Q4: Why must flu vaccines be updated every year but the polio vaccine lasts a lifetime?
The influenza virus mutates its surface proteins (haemagglutinin and neuraminidase) rapidly through antigenic drift (minor mutations each year) and antigenic shift (major recombination events). Memory cells generated against last year’s flu surface proteins don’t recognise the new variant’s changed surface proteins — so protection wanes.
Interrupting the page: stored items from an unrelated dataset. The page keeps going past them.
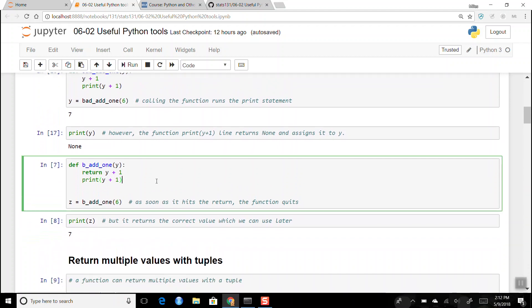To summarize defining functions: use the word `def`, then the name, then parentheses and a colon. If you want multiple arguments, you can list them all inside the parentheses in the function definition.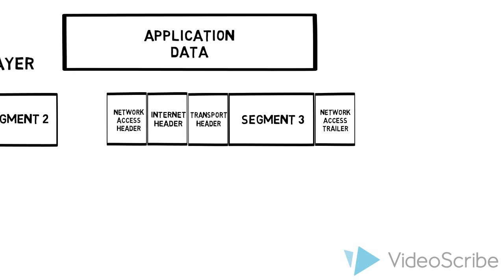Segment 3 here, what we do is we add a transport header with information specific to the transport layer. That becomes a transport layer PDU. Then we take this transport layer PDU...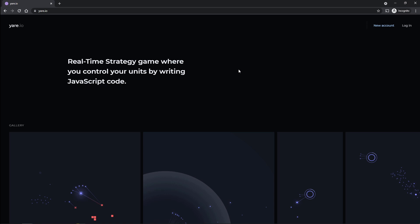Hey, how's it going everybody? It's your pal Impossible. I'm here. Today we're checking out a game called Yare.io. This is a game you play in your browser. It's a coding game.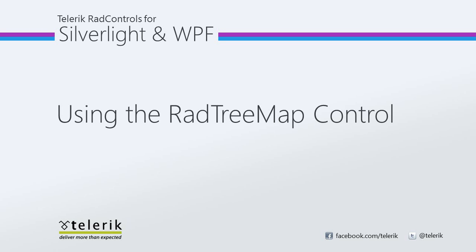Today we're going to take a look at the RadTreeMap control. RadTreeMap is part of Telerik's RAD controls for Silverlight and WPF control suite for .NET XAML development.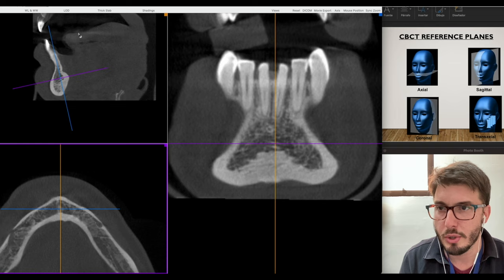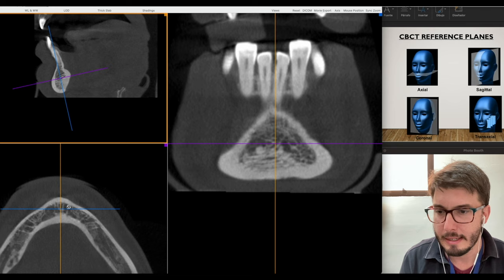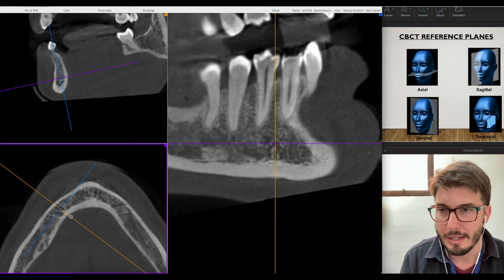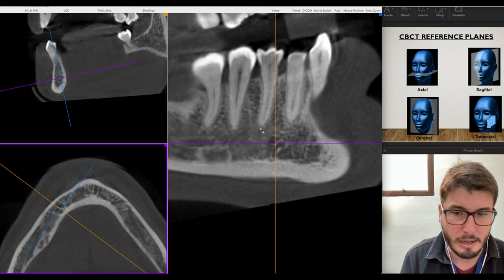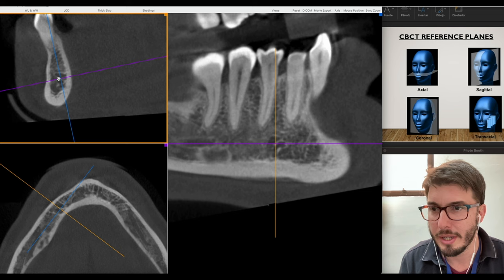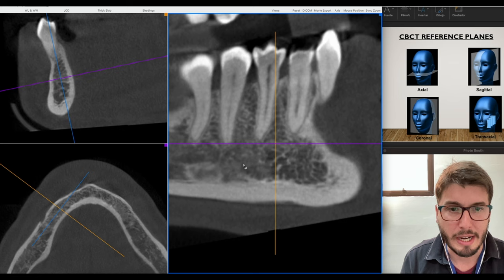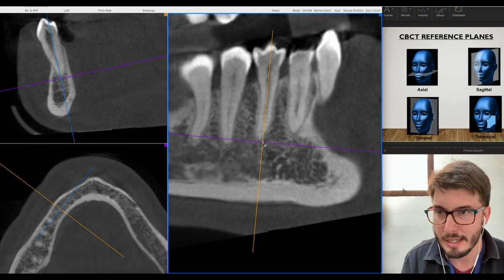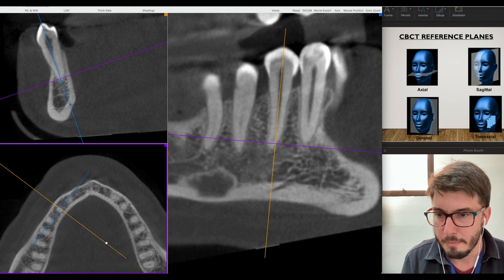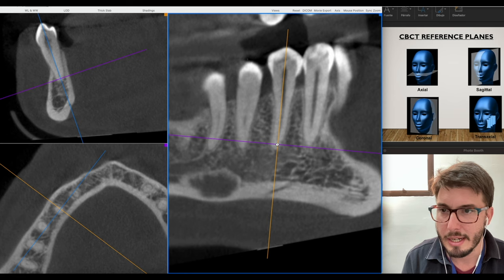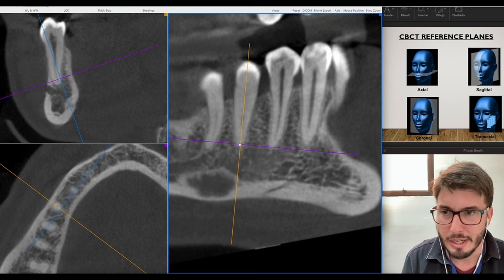Now moving to the posterior mandible — I'm tilting the planes to create what works as a coronal panoramic plane. This one is now a cross-sectional image of the alveolar ridge. Giving a zoom to assess each tooth — here I'm assessing the premolar. I put all the axes parallel to this premolar, perpendicular in the axial view, and now I can see the full relationship between the premolar and the bone.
Polio virus has a stable protein coat — its surface antigens don’t change significantly over time. Memory cells generated by the polio vaccine recognise the same antigens decades later. One or two doses provide lifelong protection.
FAQs
Q: Can the immune system attack the body’s own cells? Yes — this is autoimmunity. Normally, T cells that react to self-antigens are eliminated in the thymus (central tolerance) and peripheral tolerance mechanisms suppress those that escape. When these mechanisms fail, autoimmune diseases develop. Examples include rheumatoid arthritis, type 1 diabetes, multiple sclerosis, and systemic lupus erythematosus.
Q: What causes an allergic reaction? Allergies occur when IgE antibodies specific to a harmless allergen (pollen, peanuts, pet dander) are produced. IgE binds to mast cells in tissues. On re-exposure, the allergen cross-links IgE on mast cells, triggering degranulation — release of histamine, leukotrienes, and prostaglandins. These mediators cause vasodilation, increased vascular permeability, mucus secretion, and bronchoconstriction — the symptoms of allergy.
Q: How does the immune system “know” not to attack food antigens? The gut-associated lymphoid tissue (GALT) actively promotes tolerance to food antigens through regulatory T cells. This oral tolerance mechanism ensures that food proteins don’t trigger damaging immune responses. When this tolerance breaks down, food allergies or conditions like coeliac disease (immune reaction to gluten) can develop.
Q: Why don’t cancer cells get destroyed by the immune system? They often do — but cancer cells evolve strategies to evade immunity: reducing MHC class I expression (hiding from cytotoxic T cells), expressing PD-L1 (a protein that switches off T cell activity), secreting immunosuppressive cytokines, and other mechanisms. Modern cancer immunotherapy (checkpoint inhibitors like pembrolizumab) works by blocking PD-L1/PD-1 signalling, allowing T cells to recognize and kill cancer cells again.